Then there were reminiscences of the dinner on the Alma day. “We had raw pork served out with biscuit, and divil a stick of wood to cook the meat with.” The V.C. man who had ridden in the Charge of the Light Brigade could only remember a raw onion as having formed his rations on that day, but he spoke fondly of it.

If I had felt any doubts as to whether the entertainment had been a success they would have been dissipated by the question put to me whenever I came across an old Enrolled Guardsman afterwards. No matter what I spoke of he invariably brought the subject round to that dinner and ended it with, “I suppose you’d hardly be thinking of giving us another party like that, would you now, mum?” It rather went to my heart to say I was afraid not, but I really believe it was the meeting each other and talking over old times which they had so enjoyed. That is all nearly twenty years ago, and I sadly fear there are but few of our guests of that day still alive, and when I think of how many dear ones who stood by my side that day, not old and decrepit like the soldiers, but in the full flush of youth and health and strength, have, like them, gone into the Silent Land, I wonder at my own courage in writing at all of those happy days.

XI

TRINIDAD

Trinidad had nearly completed its first century of British rule when we went there in 1891, for it was in February 1797 that the British Fleet, eighteen vessels in all, under Admiral Harvey came through the Bocas, carrying a land force of nearly 8000 men under General Sir Ralph Abercromby. The Spanish Governor, Chacon, felt that no defence was possible, for he only had at his command a small, passing squadron of five ships and about 700 soldiers. So, with an amount of practical common-sense and humanity which might be borne in mind with advantage at the Hague Conference, he surrendered to the tremendous odds brought against him. Not a single life was lost in this change of flags; but the Spanish Admiral, Apodoca, burned his ships sooner than give them up. Chacon seems to have been an excellent Governor, and to have done much for his colony before he had to yield to _force majeure_. Indeed, it always struck me in looking over the history of Trinidad that it had been exceptionally fortunate in its Governors. Colonel Thomas Picton was its first English proconsul, and though, as might be expected, somewhat high-handed and hasty in his dealings, especially with the natives, the colony made great progress under his rule; but it only lasted six years, which was considered a short time to manage the affairs of a colony in those days. It is a fact, however, that when Sir Thomas Picton fell at Waterloo, he was practically under trial for the alleged murder of two slaves in Trinidad. The case was only standing over for further evidence. Certainly, things—justice among other things—seem to have been done in a loose and free-and-easy way in the early days of the last century!

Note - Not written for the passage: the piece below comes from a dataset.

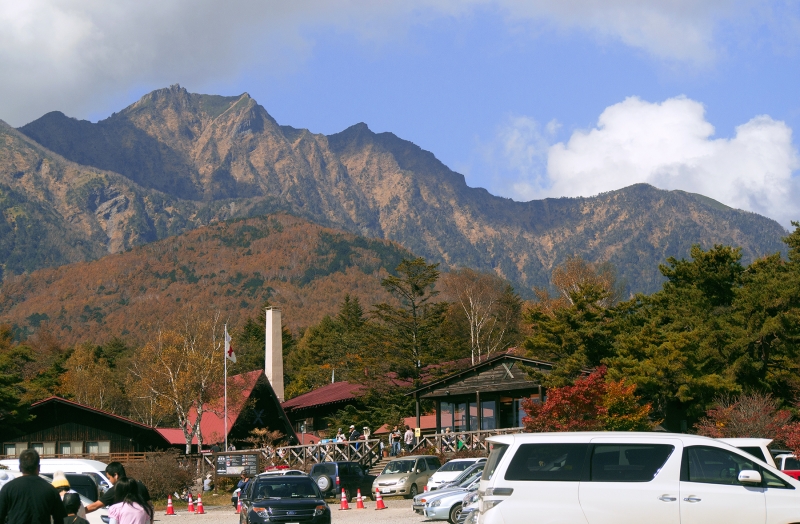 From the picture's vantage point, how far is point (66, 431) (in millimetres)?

The Governor _par excellence_ of Trinidad, however, is, and always will be, Sir Ralph Woodford, although Lord Harris and Sir Arthur Gordon run him very close in enduring popularity of the best sort. But Sir Ralph was truly a born empire-maker. He was so young, too—only twenty-nine—when he began (in 1813) his fifteen years of hard work in a tropical climate. It must have been extremely difficult to change the whole state of affairs, even the language—for it was not until his day that English was used in the Law Courts and that the minutes of the “Cabildo”—the precursor of our Legislative Council—were kept in the new tongue. Poor Sir Ralph died at sea on his way to England in 1828, and it is sad to think how completely his valuable life seems to have been thus early sacrificed to the ignorance of the commonest rules of health. But he would not leave his work in time, and so died in harness very shortly after he had been persuaded to leave his beautiful and beloved colony.

Lord Harris did not take up the reins of government until 1846, only eight years after slavery had been abolished, so he had to deal with as complex a state of affairs as Picton or Woodford. But he ruled splendidly and successfully until 1854, and it was delightful to hear, nearly half a century afterwards, how well the numerous reforms and systems he had started still worked.

All this time the various Governors had dwelt in many and different Government Houses, all more or less near the site of the present one. Don José Maria Chacon, captain in the Spanish Navy, and his predecessors seem to have lived on the side of a neighbouring hill, but it is difficult to trace even the foundations of that house, for when once “the jungle is let in” it soon covers up and does away with bricks and mortar. Then came a strange and ugly little dwelling where the pastures of the Government farm now spread, and that was succeeded by a house of sorts (of which I could find no pictured record) in the Botanical Gardens. That must have been near where the present beautiful dwelling stands, for whenever I said what a pity it was that the stables should be so near the house, I was always told that they were a survival of a former Government House in the same spot. But the jungle also seemed to have been let in on the minds of my informants, for I never could elicit any accurate information about that house. Sir Ralph Woodford lived in a large Government House in Port of Spain, used as Government Offices and burned in the late riots, but the really historical Government House in Trinidad will always be the Government Cottage about a quarter of a mile away, still in the Botanical Gardens, where Sir Arthur Gordon lived and Kingsley wrote his “At Last.” Nothing now remains of what must have been a picturesque and romantically pretty little dwelling but the swimming-bath and an outbuilding used as a cottage for the house carpenter. But I often used to go and look up the valley with “At Last” in my hand, and try to identify the trees described. The ravine or dell immortalised by Kingsley has, however, suffered many changes from the woodman’s axe and forest fires, for the only tree I could ever recognise is the big Saman outside the ballroom windows.